October is a stressful month for high school seniors. For those applying to college early decision or early action it’s the time to finalize all materials, as November 1 is the early deadline for most schools. As your teen navigates this crucial period, you may be wondering how you can best support them. With strategic planning and preparation, you can help your student to have the least anxiety-inducing early application experience possible.
Create a timeline
Since there are numerous components to the college application process, it’s important to be organized throughout the upcoming months and keep track of all the moving pieces. Help your student continue to stay on top of deadlines by creating a calendar or timeline of important dates. You can also help them make a spreadsheet to ensure that they have all of the required materials for each school, from letters of recommendation to supplemental essays.
Complete final campus tours
Toward the beginning of October, some students may still be deciding between two ED schools. Or, they might be narrowing down their EA options. A campus visit, if manageable for your family, can go a long way toward helping make those crucial final calls.Seeing a campus for a second time (or perhaps the first time) can help solidify whether or not your student can picture life as a student at the college. Since fall semester has started, your student can even see if they can sit in on a class in their major. If in-person visits are doable, try a virtual info session or campus tour.
Ensure standardized testing is all set
If your student is taking the October SAT or ACT, assist them in doing at least one timed practice test. After they’ve taken a full practice test in the real allotted time, sit down with them and score the test (and make sure to congratulate them on their progress!). Take a close look at the questions your teen got wrong or skipped, and devote extra time to studying in those areas. On test day, make sure they’ve had plenty of rest and a nutritious breakfast. Encourage them to take a break (for a stretch or a snack) when offered during test time. You can read more about supporting your student through standardized tests here.
Check in on essays
Your student should have a polished Common App essay by now. However, they might still be working on the school-specific supplemental essays. It’s important that these show why your student is a good fit for each individual college. Check in to make sure they have enough time to complete multiple drafts of their supplemental essays. Support them in the editing process by proofreading or having them read their response out loud to you.
Review the Common App
Before your student submits their ED application, sit down with them to review the basic information on their Common Application or Coalition Application profiles. These platforms ask for students’ demographic information such as their name, address, contact information, geographical location, languages they speak, and citizenship. They also ask about students’ families, including questions about parents’ marital status, their professions, their educational background information (including their schools and graduation years), and their employment status. Go through your teen’s profile to make sure they’ve entered everything correctly. Let them know if there are any errors or inaccuracies, and make sure to correct any spelling mistakes!
Sign the ED agreement
Parents have to sign the Early Decision agreement alongside students. This confirms that students know they’re committing to attending the school if they are admitted. Once you’ve verified that all the information on their Common App or Coalition App profile is correct, go to the URL provided in the invitation, enter your email address, read and sign the ED Agreement, then submit it.

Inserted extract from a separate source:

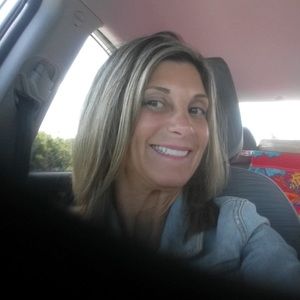 Meet your Posher, Lee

As your teen continues working hard toward their early applications, remind them that self-care is important at a time like this. Encourage them to take breaks, go on walks, spend time with friends and family (especially over the weekends), and get plenty of rest. As long as your student stays organized and submits all of the required materials on time, they should be all set to have a complete early decision application. Your support and encouragement can help them get there!